ПОИСК
Происшествия

Закусив с дороги и выпив чаю, гость-»дворянин» под благовидным предлогом вышел в переднюю, надел шубу хозяина и скрылся, оставив свое старое, драное пальто

0:00 23 июня 2005
Закусив с дороги и выпив чаю, гость-»дворянин» под благовидным предлогом вышел в переднюю, надел шубу хозяина и скрылся, оставив свое старое, драное пальто
Анатолий МАКАРОВ специально для «ФАКТОВ»
Киевские жулики высокого класса в ловкости превосходили своих петербургских «коллег»

В 1867 году в Киеве случилось курьезное событие. Утром, перед восходом солнца, неизвестный злоумышленник проник в старый дом ампирной постройки на углу Институтской и Липской улиц, служивший резиденцией киевских гражданских губернаторов, и в кабинете его тогдашнего хозяина генерал-лейтенанта Эйлера взломал ящик письменного стола. Затем он вывалил все бумаги на пол, выплеснул на них содержимое чернильницы накладного серебра, а саму чернильницу бросил в свой саквояж. Туда же отправились бронзовый казенный подсвечник и другие мелкие вещицы. Прибывший вскоре следователь установил, что деловые бумаги и письма не подверглись даже беглому просмотру, а унесенные из кабинета вещи не представляли особой ценности и были взяты не для наживы. Налет носил демонстративный характер!

 

Многие воровские секреты не раскрыты до сих пор

Чем допек киевских домушников генерал-лейтенант Эйлер, неизвестно. В Киеве он появился недавно и, не успев освоиться на месте, был переведен в другой город. Едва ли жулики имели к нему какие-то претензии. Нападая на его дом, они хотели сделать неприятность полиции, показав, что она не способна защитить не только простого горожанина, но и своего собственного шефа.

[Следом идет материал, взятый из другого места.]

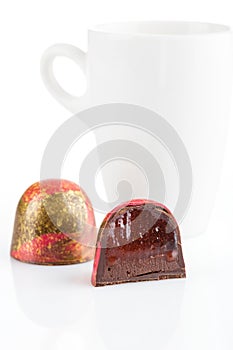 Cut handmade candy with with chocolate ganache and red confiture on white background. Exclusive handcrafted bonbon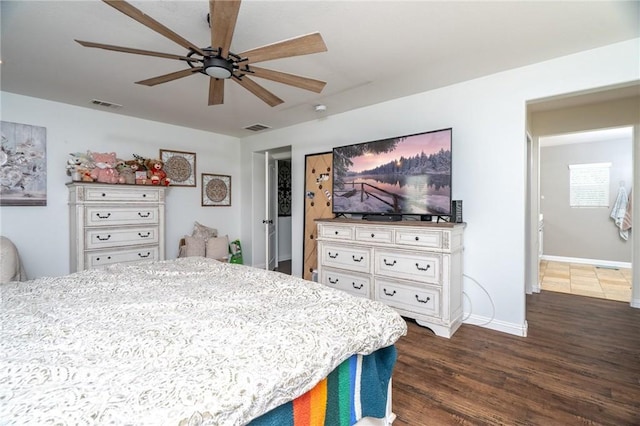 bedroom with dark wood-type flooring and ceiling fan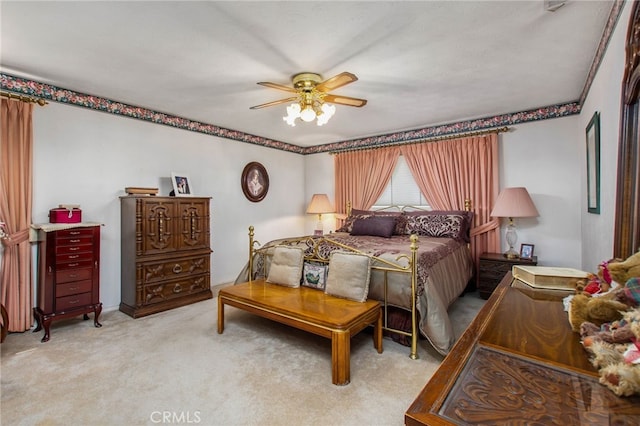 bedroom with carpet floors and a ceiling fan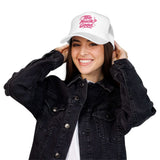 Fun summer Foam Trucker Hat with 'Too Much Good' design, stylishly worn by a smiling woman in casual denim.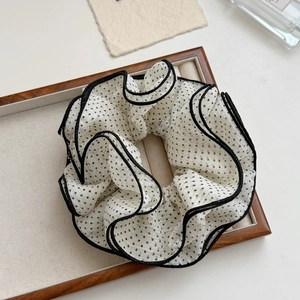 Detailaufnahme des Vintage-Haargummis mit Polka Dots und Rüschenrand auf einem Tablett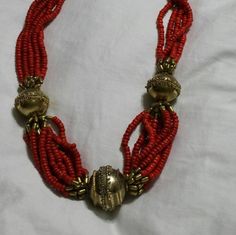 Bright Red Plastic Bead and Ornate Gold Toned Bead, Multi Strand Necklace, Costume Jewelry, Fashion Accessory This is such a nice find.  Very decorative and collectible.  Priced to sell. Check out our shop for monthly specials. We have a variety of items for every taste. Combine several of our items together to save on shipping. If you have any questions please do not hesitate to ask. I will ship outside of the US, just request a quote. Happy Shopping. I will work around the priority mail price. Red Beaded Necklaces For Celebrations And Festivals, Red Beaded Necklace For Festivals And Celebrations, Red Beaded Necklace For Celebrations And Festivals, Festive Round Beaded Costume Jewelry Necklaces, Red Beads For Party And Festivals, Red Beaded Necklaces With Polished Beads For Festivals, Red Beaded Necklace For Festivals With Polished Beads, Red Beaded Necklaces With Gold Beads For Celebration, Red Beaded Necklaces For Celebration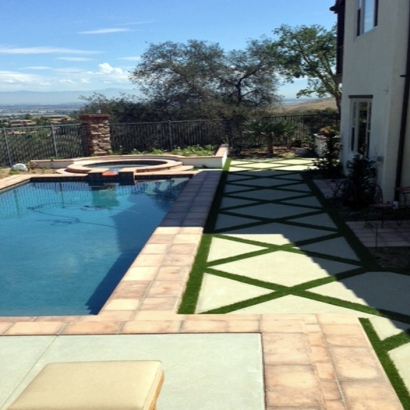 Artificial grass installed between pavers by swimming pool synthetic turf installation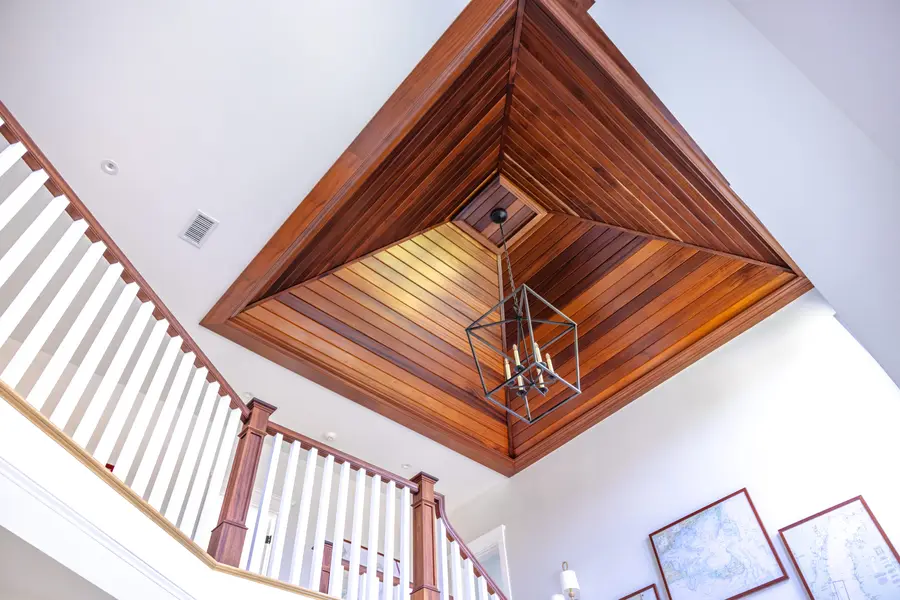 Cedar coffered ceiling above a staircase with a lantern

В те годы криминальный мир серьезно беспокоили успехи первых оперативно-сыскных групп, появившихся при полицейских управлениях. Сыщики-профессионалы проявляли чудеса находчивости и прекрасно справлялись с самыми запутанными делами. В 1867 году киевская полиция получила рекордно большое бюджетное ассигнование на свое укрепление и расширение. Очевидно, это и повлияло на решение криминалитета бросить вызов хваленым «фараонам» и показать, кто настоящий хозяин в городе.

Подобные демонстрации широко практиковались в уголовном мире

РЕКЛАМА

XIX столетия. Летом 1868 года отставной юнкер Ясинский произвел налет на летнюю стрельнинскую резиденцию брата царя Александра II, великого князя Константина Николаевича и «выгрузил» из покоев фрейлины княгини Голицкой дорогой дамский несессер. В 1874 году одна из тех воровок, которых за мастерство называли «золотыми ручками», Ольга Разамасцева, совершила не менее дерзкий демонстративный налет на квартиру министра Милютина в Петер-бурге и выкрала у него… драгоценную цепь первейшей награды империи — ордена святого Андрея Первозванного! Спустя три года она вынесла из кабинета того же великого князя Константина пять карманных часов и золотые кольца. Эти рискованные «игры» закончились для лихачей провалом. Петербургская полиция торжествовала очередную победу в упорной психологической войне с уголовным миром.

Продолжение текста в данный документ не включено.